Similar to how I felt when watching the phenomenal show, “Unbelievable,” the power and voice here are so clearly, so uniquely, from women, and for women. In both cases, they’re from the perspective of women who have been sexually assaulted by men-then it’s all about their choices, their feelings and experiences, discovery and recovery, the backwards way the police and justice system work against them, but it shows them continuing to be.
The cover art for ‘Unbelievable’ is a woman in a sweatshirt, standing, arms folded, looking down, at herself. The hurt is real, the complications of what to do with that hurt, especially in the face of a system bent on disproving that hurt, is very real, but her might is real, too. She stands.

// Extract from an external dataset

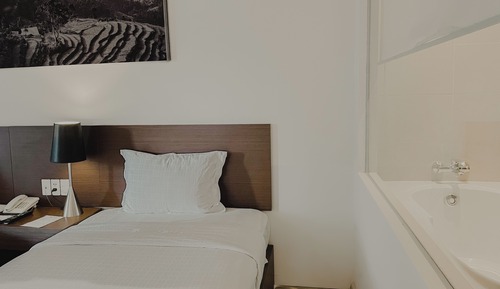 Basement Deluxe Twin Room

One of the profound things about “Know my Name” is how vividly it shows the agonizing process of having the crime against you tried in court. The ‘burden of proof’ is heavy, and it’s so clear how victims of these crimes would decide they can’t/won’t endure the re-traumatizing, the body and privacy violations, the blame, OH THE BLAME, the financial cost, the time cost, the life cost of it all. Ms. Miller must have wanted to give up over and over, to just do her best to move on, but her going through, and describing, each delay, each baby step of this infinite process, helps us to understand her, each other, ourselves, and ultimately work to fix the system set against us.
Seldom do assaults make it all the way through the criminal justice system to a verdict, and even more seldom is that verdict guilty. In this book, we see all the millions of reasons why not. In this case, by what felt like a minor miracle, a guilty verdict was reached, but even then, the expected penalty of 2–6 years in prison became a mere six months in county jail, when the judge focused his concern for the consequences of the crime on the perpetrator of it. The sentence was considered insufficient and insulting, and in another miracle, the judge was voted off the bench the next year. The system is not impenatrable. This is a powerful lesson for us all to learn. It gives us courage to keep gathering our pieces, to keep telling our stories.
One out of every six women you know has been assaulted- typically by a man. You also know perpetrators of sexual assault. Some 17 million women in America have suffered completed or attempted assaults by men. These women are left trying to find the pieces that were taken, to put themselves together again, to live life through and around and despite this trauma. This book helped to re-frame them as warriors, as fighters, as people, instead of as victims. Also, it helped us see how our society is hateful and untrusting of victims of these crimes, of women in general, how we re-victimize them again and again, keeping wounds fresh and flowing.
This book is such a gift of radical healing. It left me feeling hopeful and fierce, seen. Ten out of five stars. Everyone should read this.